Profil Dr. Craig A. Evans, Dr. N. T. Wright, dan Dr. Troy A. Miller:
Prof. Craig Alan Evans, Ph.D., D.Habil. adalah Payzant Distinguished Professor of New Testament dan Direktur dari graduate program di Acadia Divinity College in Wolfville, Nova Scotia. Beliau menyelesaikan studi Bachelor of Arts (B.A.) dalam bidang Sejarah dan Filsafat di Claremont McKenna College; Master of Divinity (M.Div.) di Western Baptist Seminary, Portland, Oregon; Master of Arts (M.A.) dan Doctor of Philosophy (Ph.D.) dalam bidang Studi Biblika di Claremont Graduate University.
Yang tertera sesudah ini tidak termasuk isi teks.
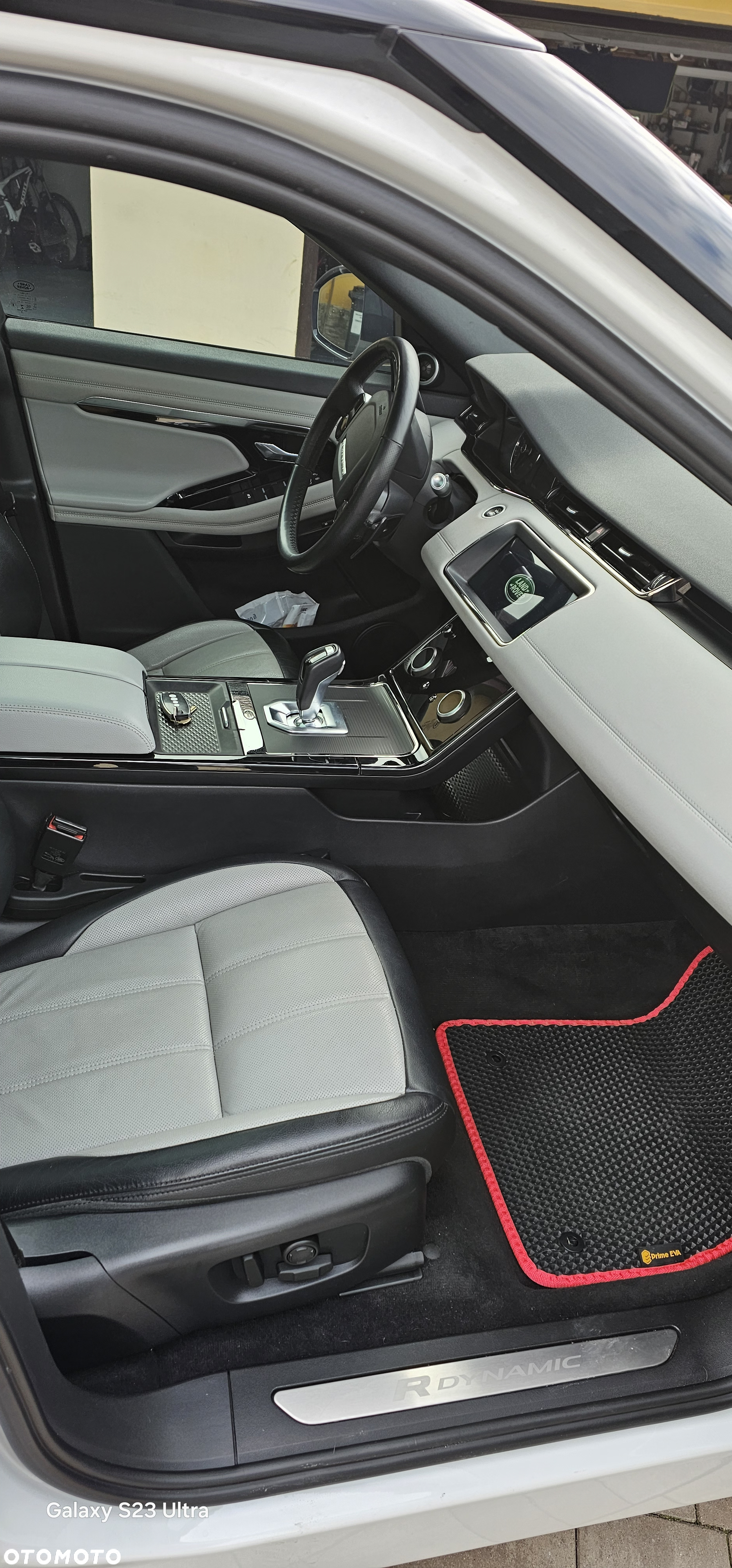 Land Rover Range Rover Evoque P300 R-Dynamic - 19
Beliau dianugerahi gelar D.Habil. oleh the Karoli Gaspard Reformed University di Budapest. Website beliau: http://www.craigaevans.com/

Bishop Dr. Nicholas Thomas (N. T.) Wright, D.Phil., D.D. yang lahir pada tanggal 1 Desember 1948 di Morpeth, Northumberland, Inggris adalah Bishop di Durham, Inggris, anggota dari International Anglican Theological and Doctrinal Commission, dan Fellow di Institute for Christian Studies, Toronto. Beliau menyelesaikan semua studinya di Exeter College (dari 1975, Merton College), University of Oxford, U.K. dan meraih gelar: B.A. dalam bidang Literae Humaniores, B.A. dalam bidang Theologi, M.A., Doctor of Philosophy (D.Phil.), dan Doctor of Divinity (D.D.). Beliau dianugerahi gelar D.D. dari: Aberdeen University (2001), Nashotah House (2006), Wycliffe College di Toronto (2006), Durham University (2007), John Leland Center for Theological Studies, Washington DC (2008), dan St. Andrews University (2009). Beliau juga mendapat Honorary Fellow dari Downing College, Cambridge (2003) dan Merton College, Oxford (2004). Selain itu, beliau juga dianugerahi gelar Doctor of Humane Letters (L.H.D.) dari Gordon College, Massachusetts, U.S.A. pada tahun 2003. Website beliau: www.ntwrightpage.com

Prof. Troy A. Miller, Ph.D. yang menjadi editor buku aslinya adalah seorang Associate Professor of Bible and Theology di Crichton College, Memphis, Tennessee, U.S.A. Beliau menyelesaikan studi B.A. di Palm Beach Atlantic College; M.Div. di Southern Baptist Theological Seminary; dan Ph.D. di University of Edinburgh.